Task item
Please print, exactly, only the lines in the entries below from the line that has "Av köpeği beyazı izole etmiş." through the line that has "Pet's Whole Body Custom Wool Felt". Pictures don't go in.

Dataset entries
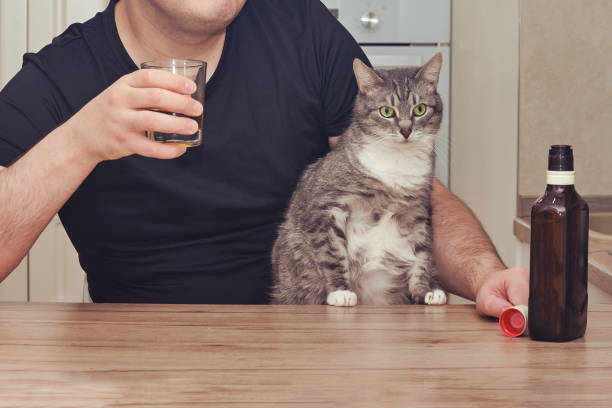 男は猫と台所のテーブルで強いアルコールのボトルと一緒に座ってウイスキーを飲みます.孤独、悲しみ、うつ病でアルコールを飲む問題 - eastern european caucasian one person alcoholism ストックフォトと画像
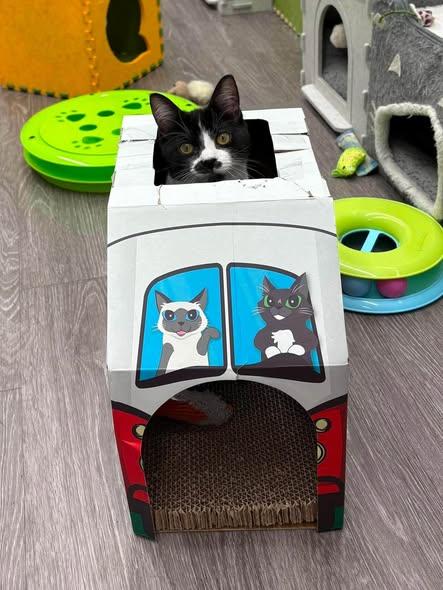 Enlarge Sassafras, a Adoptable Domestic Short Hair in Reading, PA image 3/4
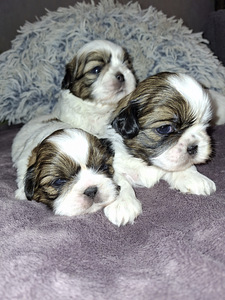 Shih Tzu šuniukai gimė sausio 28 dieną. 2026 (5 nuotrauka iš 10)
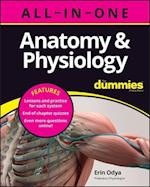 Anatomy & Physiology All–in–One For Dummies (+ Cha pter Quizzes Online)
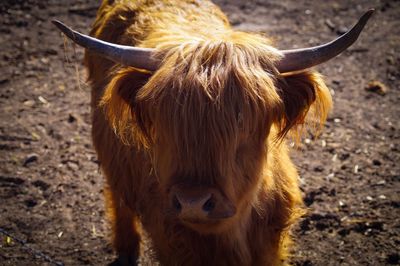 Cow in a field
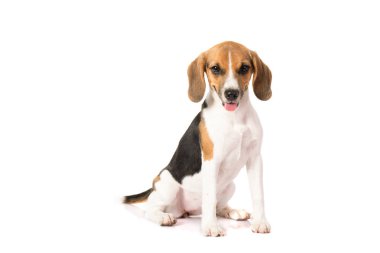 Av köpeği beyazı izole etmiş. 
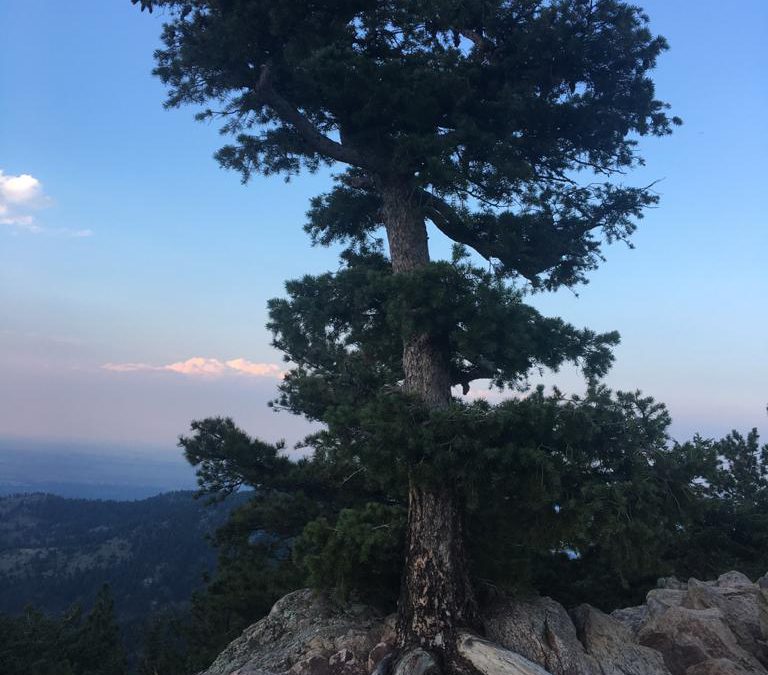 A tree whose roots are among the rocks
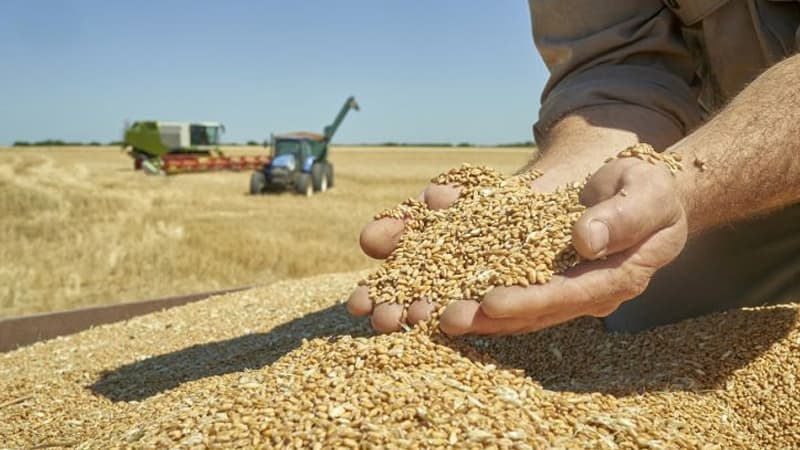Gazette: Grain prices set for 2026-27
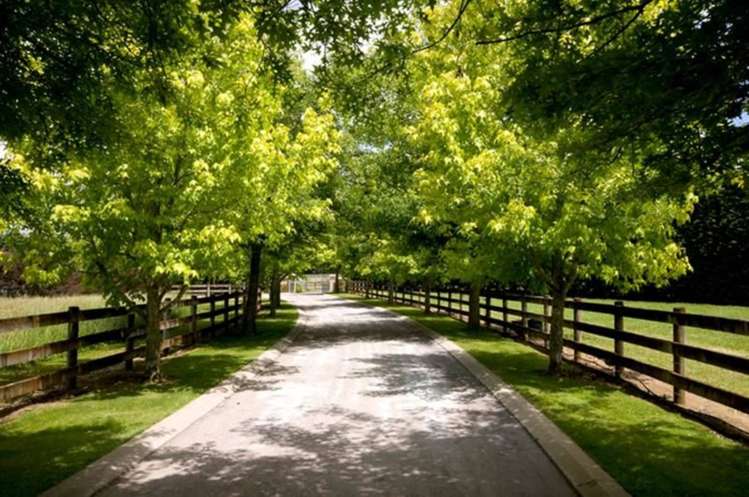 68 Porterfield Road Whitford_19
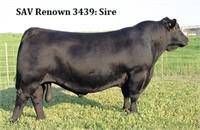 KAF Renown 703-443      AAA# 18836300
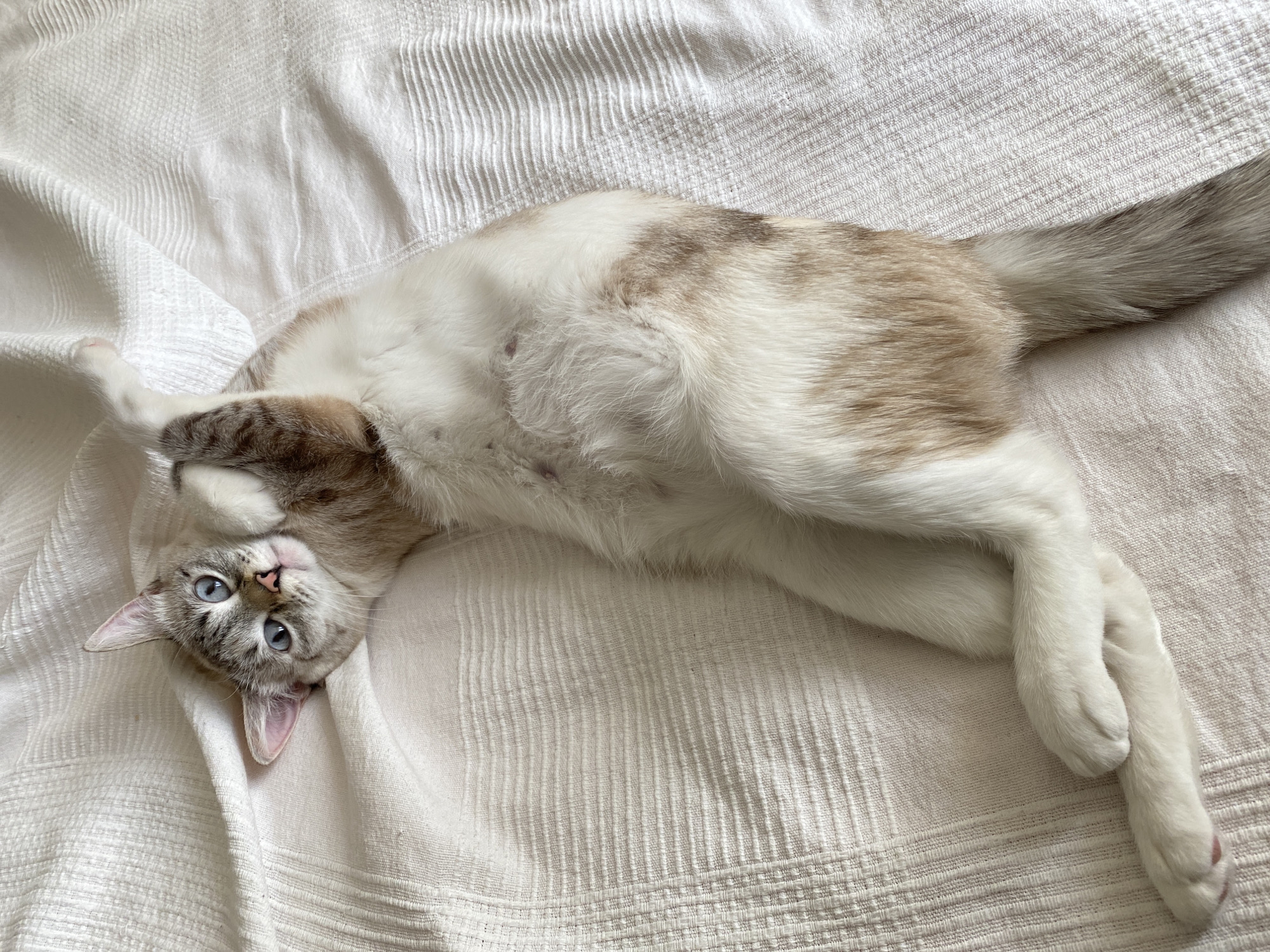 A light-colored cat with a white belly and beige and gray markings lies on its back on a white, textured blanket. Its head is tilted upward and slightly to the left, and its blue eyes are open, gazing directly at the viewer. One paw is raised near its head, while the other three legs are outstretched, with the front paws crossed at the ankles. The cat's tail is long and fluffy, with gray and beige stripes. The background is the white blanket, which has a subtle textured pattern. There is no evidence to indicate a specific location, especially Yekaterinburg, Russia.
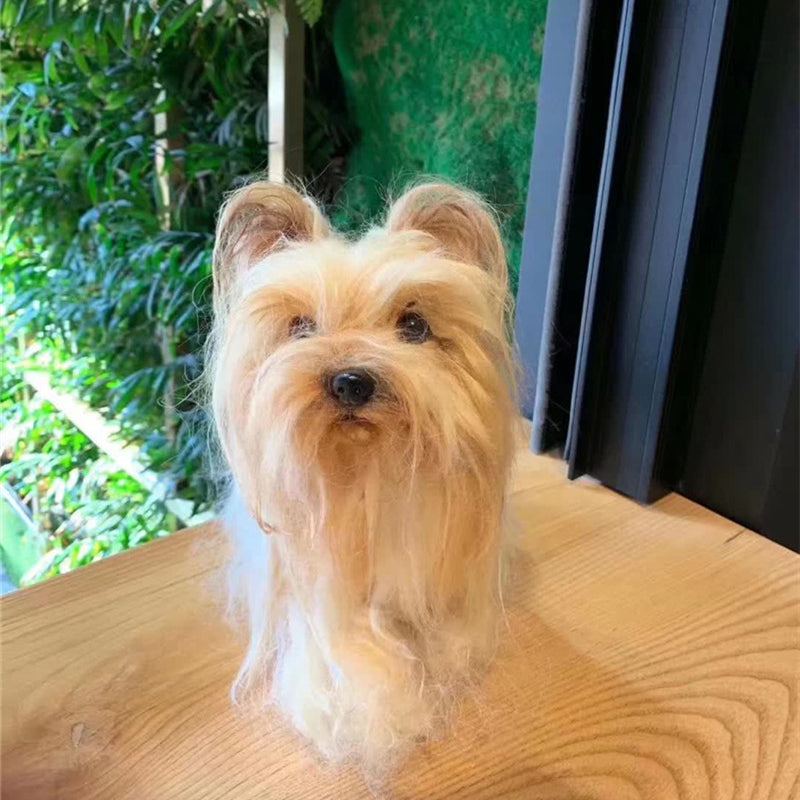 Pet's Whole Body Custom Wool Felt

---

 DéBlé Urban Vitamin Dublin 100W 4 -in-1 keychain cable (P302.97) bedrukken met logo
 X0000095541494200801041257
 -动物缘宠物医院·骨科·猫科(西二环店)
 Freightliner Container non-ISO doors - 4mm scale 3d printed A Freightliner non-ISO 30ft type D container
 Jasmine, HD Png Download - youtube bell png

---

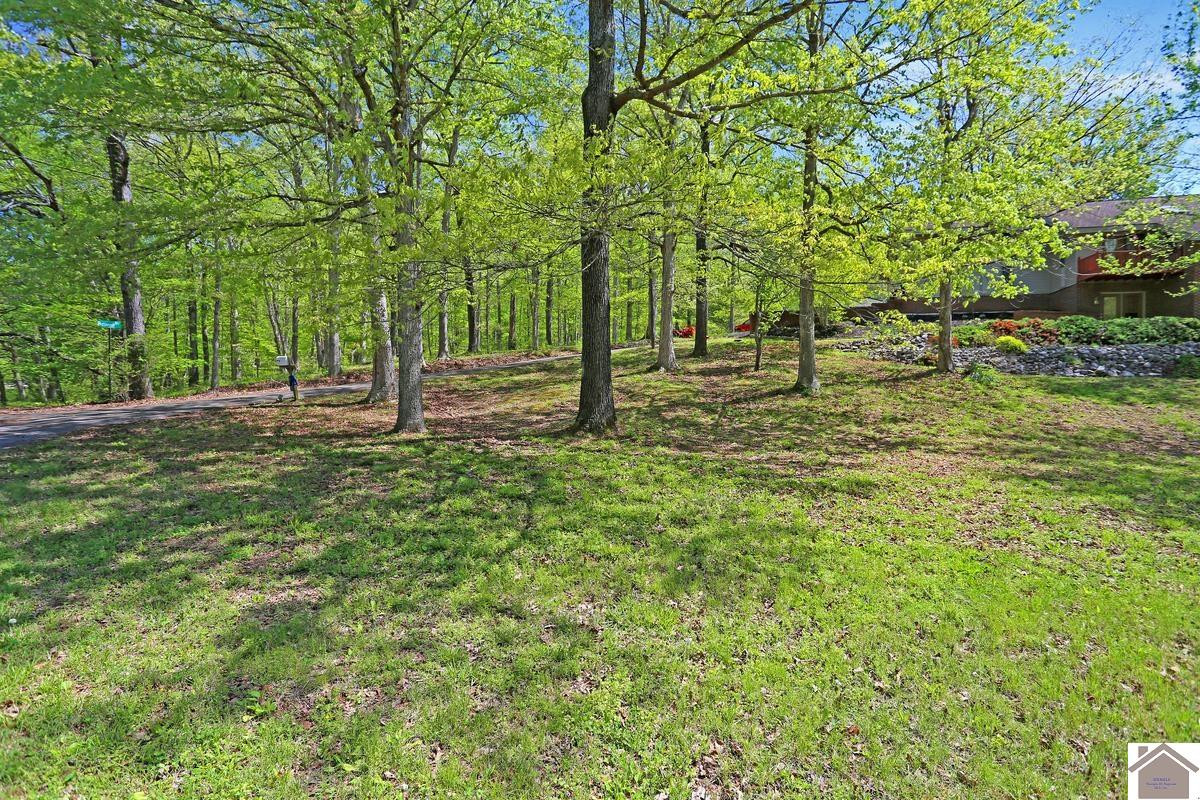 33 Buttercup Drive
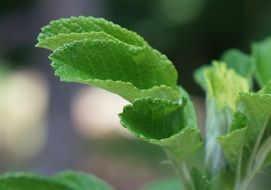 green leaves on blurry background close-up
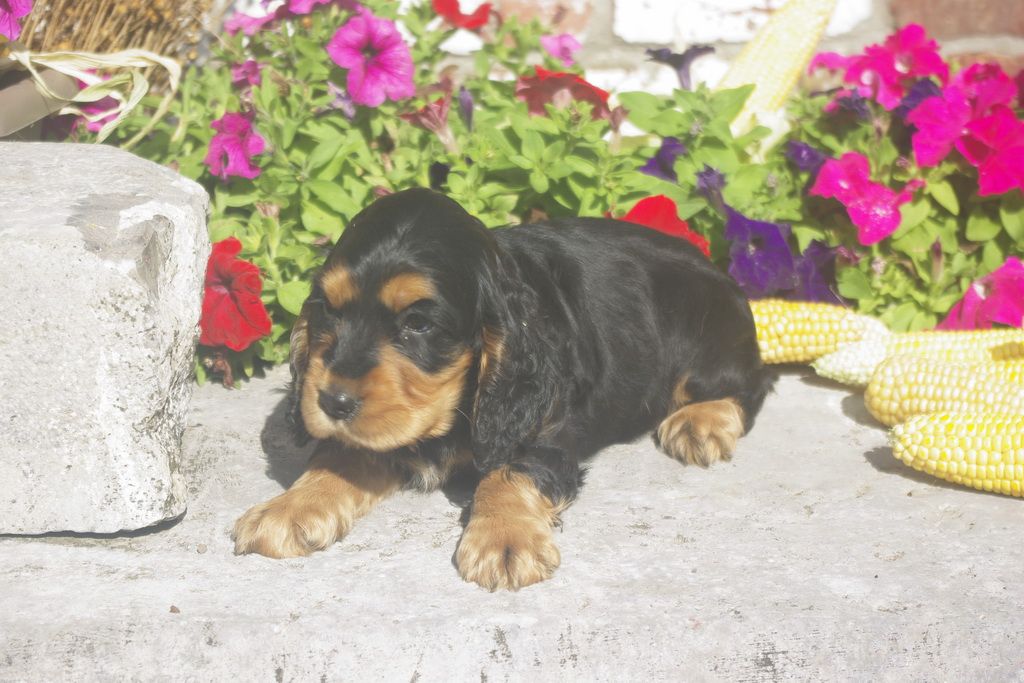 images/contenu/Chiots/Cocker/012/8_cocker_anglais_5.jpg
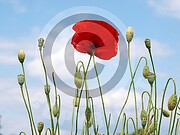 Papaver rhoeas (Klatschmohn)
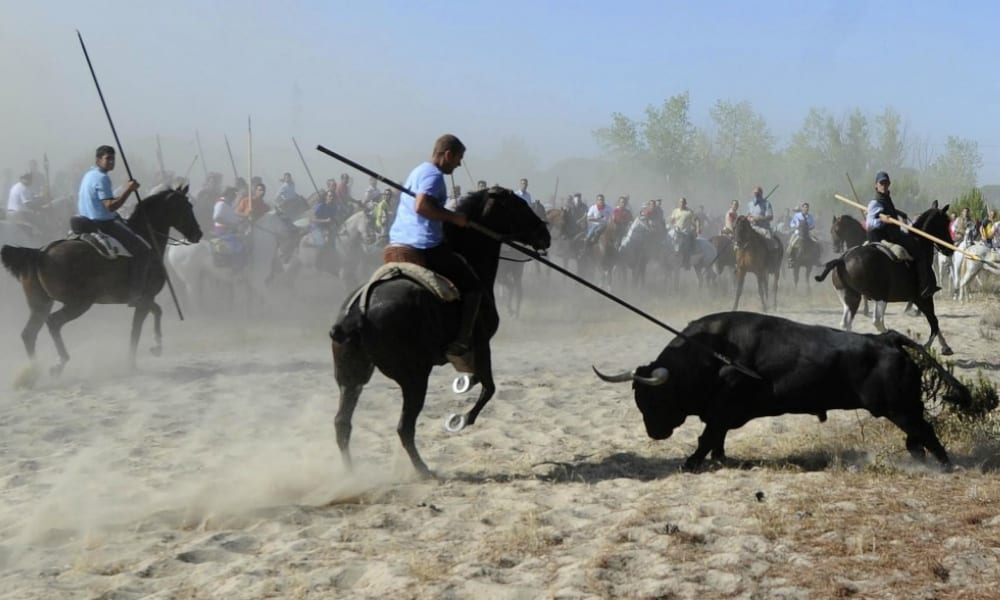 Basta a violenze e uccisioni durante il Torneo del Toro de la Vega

Completed exercise
 Av köpeği beyazı izole etmiş. 
 A tree whose roots are among the rocks
Gazette: Grain prices set for 2026-27
 68 Porterfield Road Whitford_19
 KAF Renown 703-443      AAA# 18836300
 A light-colored cat with a white belly and beige and gray markings lies on its back on a white, textured blanket. Its head is tilted upward and slightly to the left, and its blue eyes are open, gazing directly at the viewer. One paw is raised near its head, while the other three legs are outstretched, with the front paws crossed at the ankles. The cat's tail is long and fluffy, with gray and beige stripes. The background is the white blanket, which has a subtle textured pattern. There is no evidence to indicate a specific location, especially Yekaterinburg, Russia.
 Pet's Whole Body Custom Wool Felt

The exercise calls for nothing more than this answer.